Première des nombreuses collaborations à la fois amicales et orageuses entre John Ford et Darryl F. Zanuck (question ego aucun n’avaient passé son tour à la distribution! Mais chacun éprouvera une vraie estime pour l’autre) The prisoner of Shark Island développe plusieurs des thèmes chers à John Ford à partir de l’histoire authentique du combat solitaire d’un docteur sudiste condamné au bagne à perpétuité pour avoir soigné l'assassin de Lincoln et sa grâce obtenue pour avoir sauvé les pensionnaires du bagne (gardiens et prisonniers) de la fièvre jaune. En premier le récit s'appuie sur une trame biblique : l'injustice, la souffrance et la rédemption. Puis l'histoire des Etats-unis avec ce regard particulier, aussi réaliste qu’ambigu, que l'auteur portera systématiquement sur elle.
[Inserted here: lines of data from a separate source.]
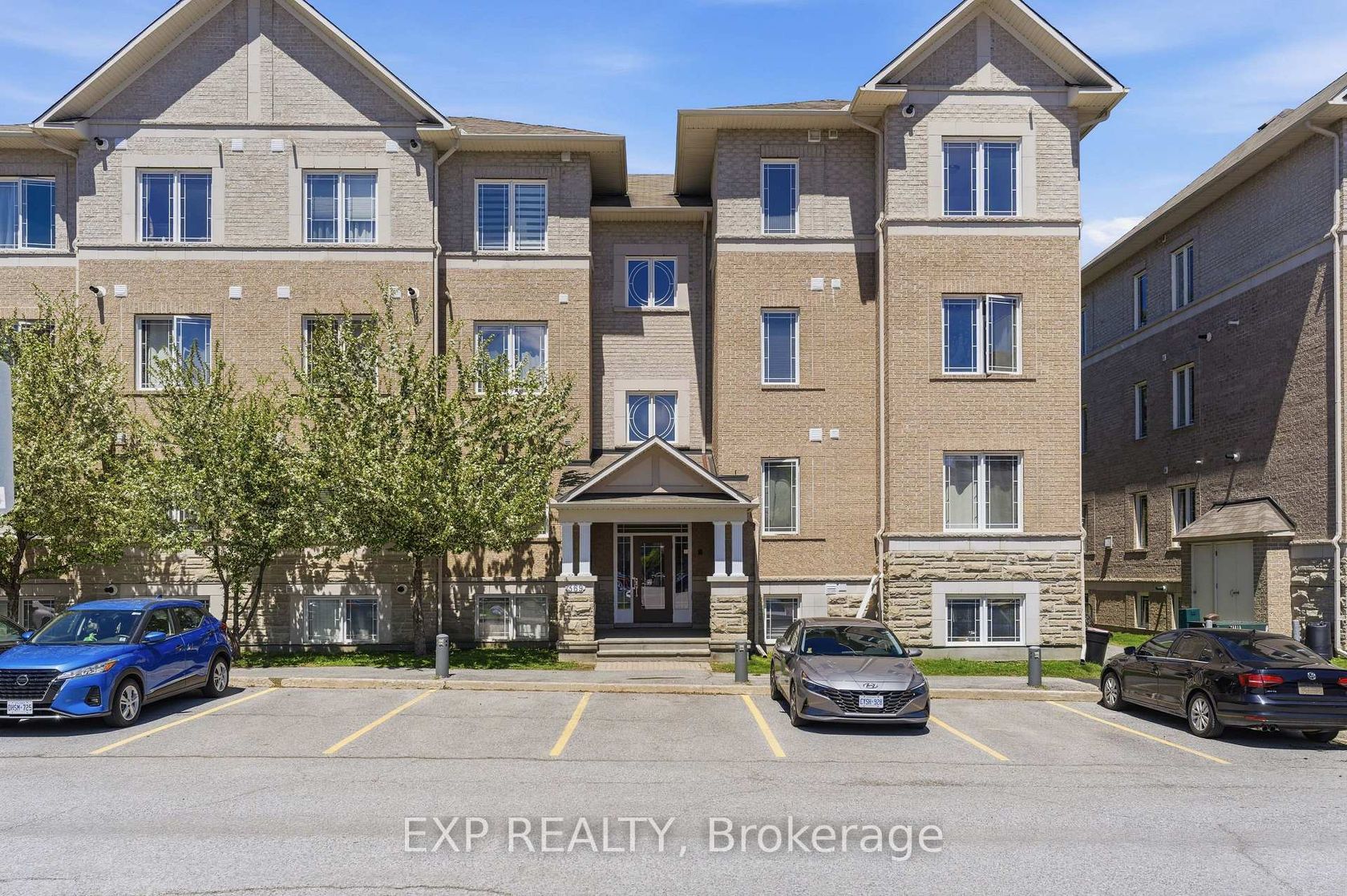 8 - 369 Paseo Private, Nepean (Centrepointe), Ottawa 
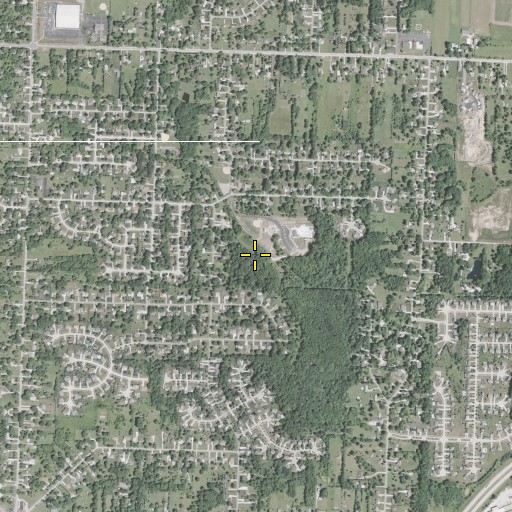 Aerial/Satellite Image of Maca Park, OH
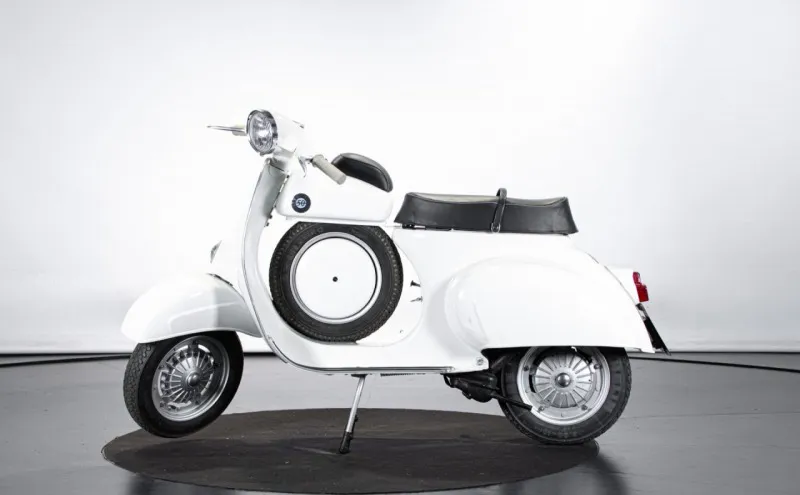 Piaggio Vespa 50 SS 1966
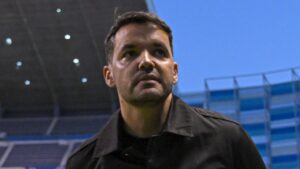 Jovic se aleja de Cruz Azul y Larcamón no descarta a Giakoumakis ni Fernández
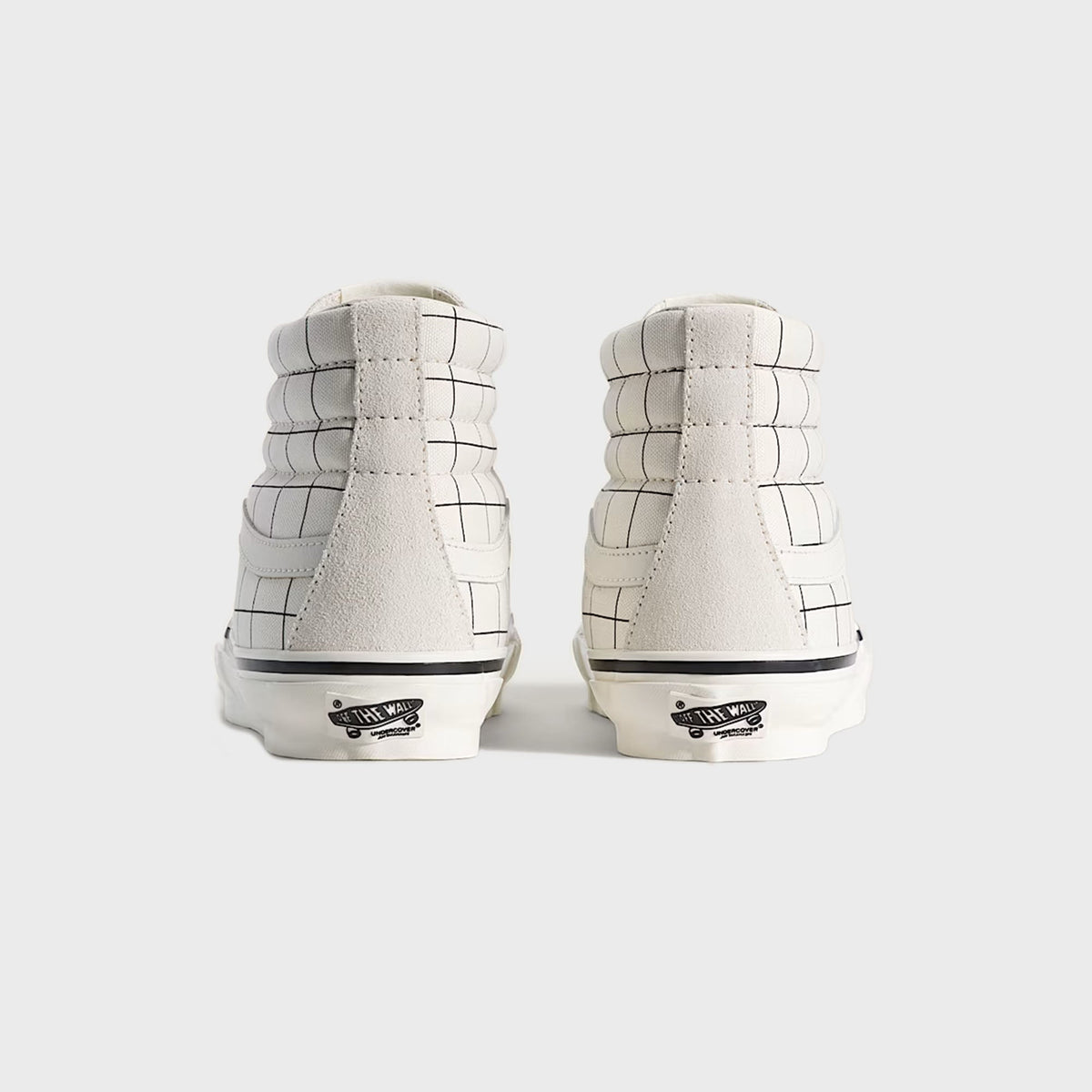 VANS x Undercover OTW Sk8-Hi - Egret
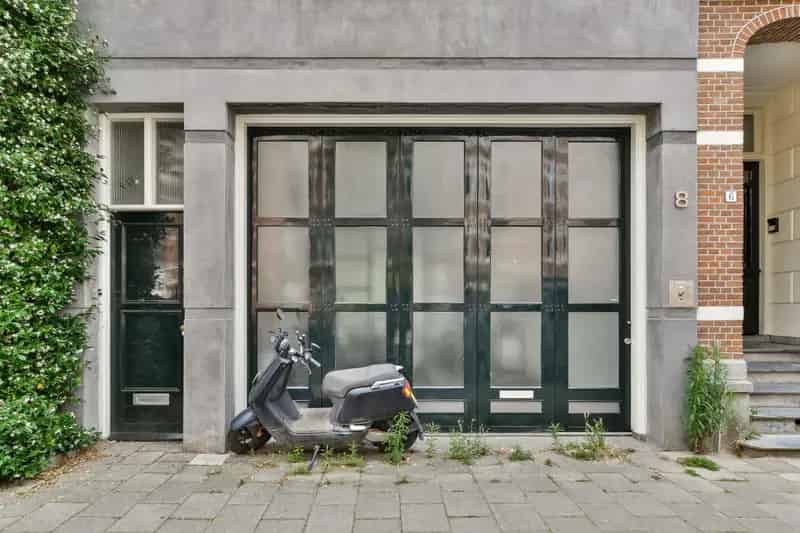 Loftachtig Appartement Amsterdam Oost 155m2 Terras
Les esclavagistes avec leur côté à la fois maître et paternaliste vis-à-vis des noirs, mais aussi leur sens de l'honneur et du devoir comme l'illustre le discours du Dr Mudd (Warner Baxter) aux gardes noirs qui se sont barricadés pour ne pas porter secours aux malades (là où les analphabètes dogmatiques ne voient que du racisme au lieu d’une réalité sociale et historique). La victoire du Nord avec le triomphe de la politique sur la morale (le discours du secrétaire à la défense aux généraux de la future cour martiale) et l'irruption d'un progrès économique brutal (la scène du carpetbagger est exemplaire). Enfin la dignité des protagonistes du bagne, du héros comme des gardes, de la volte face sincère et reconnaissante de l'encadrement, de leur commandant (Harry Carey) au sergent (John Carradine excellent dans le rôle du sadique stupide, mais dont la conversion est peu crédible) lors de la scène de la lettre. Enfin la nécessité de l'action qui prime sur la loi (la scène du bateau).
S'appuyant sur une direction d'acteur qui remet chacun à sa juste place (tous les dialogues sonnent vrais) et une simplicité de la mise en scène (tout en plan fixe avec champs et contre champs dont le sommet technique est le plan de la liste placardée – champ- accompagné de celui du regard de Mrs Peggy Mudd - contre champ) héritée du cinéma muet, qui porte en elle une puissance considérable.
De l'iconisation de Lincoln en un sublime tableau voilé qui s’estompe dans l’éternité, à la fin dont le dernier plan est aussi ambigu que fort, en passant par la théâtralisation géométrique des pendaisons, Ford nous expose un point de vue à la fois réaliste et mythique. Ce film, œuvre de commande de la Fox, prouve si cela était nécessaire, que l'empreinte d'un grand artiste est telle, que la réalisation est éminemment personnelle, avec ou sans cadre imposé.